I've been hesitating on what to write about the Camino. I'd thought the lessons would all become apparent to me along the Way, but to be honest, they're only just starting to peek out of the shadows. It is like the ease with which one can solve the problems of others but not one's own: the issue has to be seen from a different perspective. Now that it has been nearly a month since I finished walking, the experience is finally folding together to the point where I can start making sense of it.

That's not to say the Camino was completely free of life lessons learned. In fact, I ran into an Italian hippie in Galicia who pointed out that the roads were paved with cow shit (I'd noticed) and said he had the realization one day that the more time he spent watching the road to avoid the cow shit, the more beautiful scenery he was missing. I agreed and added that, even if one steps in the shit, it can still be washed away. However, it was the "missing" aspect that I've only recently begun to notice.
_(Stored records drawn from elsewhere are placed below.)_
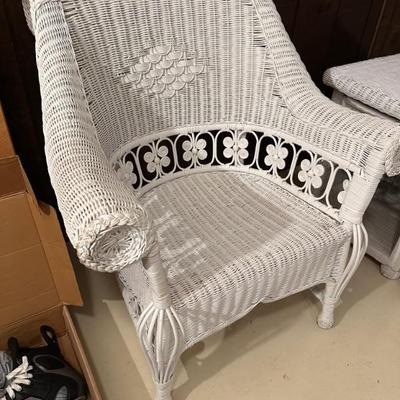White Wicker Bedroom Set; Night Stands, Dresser, Headboard, Arm Chair (CLEAN! GREAT CONDITION)
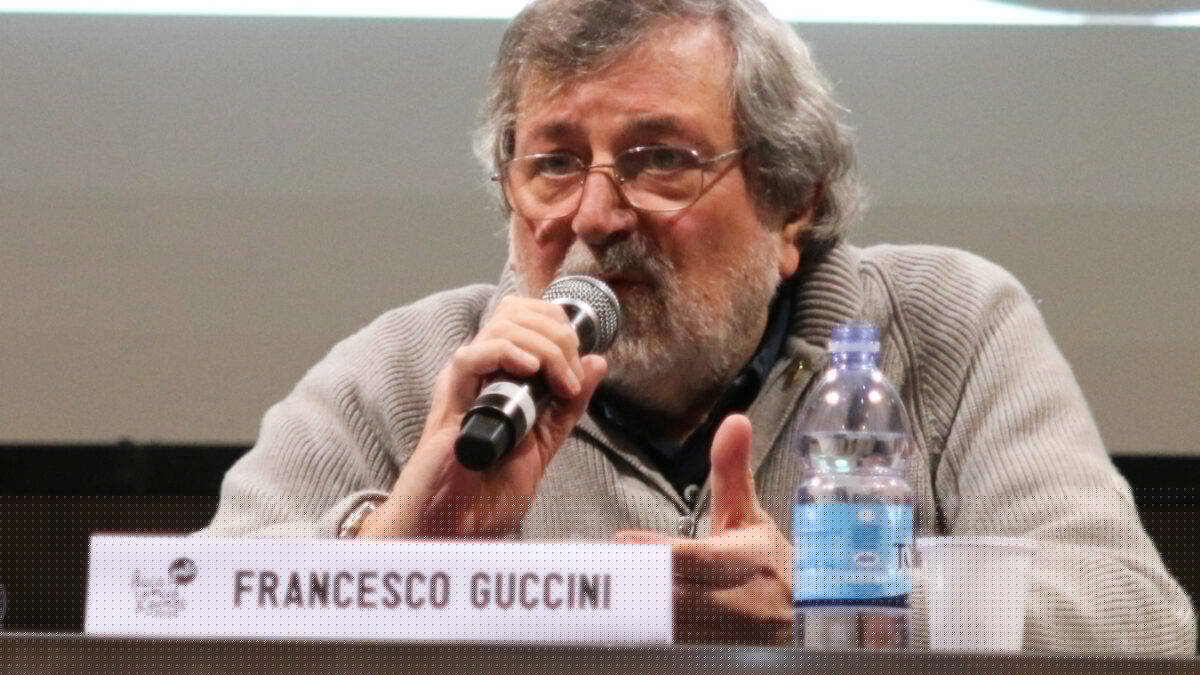 Francesco Guccini morto, esce a settembre il romanzo postumo “Calde le pere”: “È nato da un brogliaccio di cui mi ha parlato un mio amico, che ne ricavò anche un cabaret”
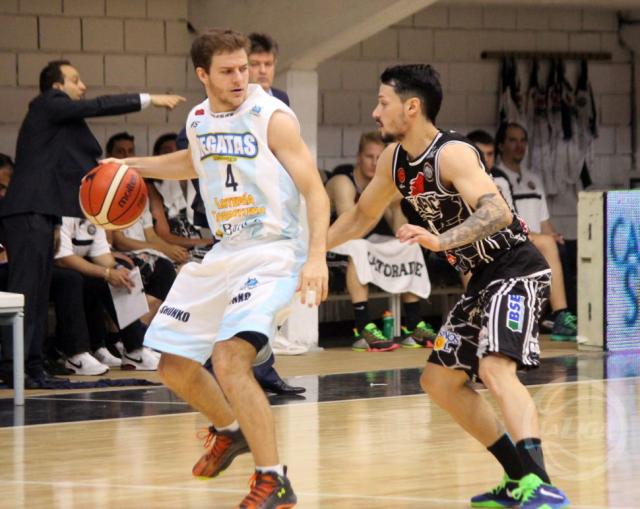 Ol�mpico no tuvo problemas ante Regatas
I've been working heavily on another blog, Bill Beaver's Best Laid Plans, a travel blog. As I've been writing and incorporating pictures, I noticed how few pictures I have of some areas and how few are actually of higher quality. This may be a standard ratio among photographers, but it has only highlighted what has been missing: time.

There are ten commandments of the Camino. I have been unable to locate a full list online, only references to the list I saw but did not fully process in Castrojeríz, but one stands out right now: You shall not change your pace to match another's.

I had mapped out my Camino to start on March 3rd and conclude on April 8th. A day behind in Pamplona, I figured I would sacrifice a day in Santiago to compensate. Instead, I met two other peregrinos with whom I decided to keep pace, not the least reason of which being that one was close in age to me and attractive. I kept pace with both of them for half the Camino, hurrying through some towns I'd originally planned to explore in more depth. I caught up to my missing day and surpassed it. True, we seldom walked together for long, and by the midpoint of the Camino, both went further than they'd said, and I was left behind.

Someone wiser could have seen these two as faces who had entered and left my life, as is the natural way of things, but instead, feeling hurt and abandoned, I continued at the pace they had set. I made photographic sacrifices: it was too much of a hassle to take out the camera, and I was losing time and distance behind them. What if I didn't see them again in Santiago before they left, four days before I arrived? It became this huge, important matter that I somehow catch up with them, so much so that, even on the days where I decided to go slower, I still put in the same distances and made the same photographic sacrifices. I stopped making friends in the same way as I walked. I became hurried and impatient with people who wanted to chat. I was pushing myself to catch up with someone else's Camino and had given no more than a fleeting glance at my own Camino and what it meant to me. That, at least, has affected my journal and work afterward, especially as I read more into these places and learn more of what I missed.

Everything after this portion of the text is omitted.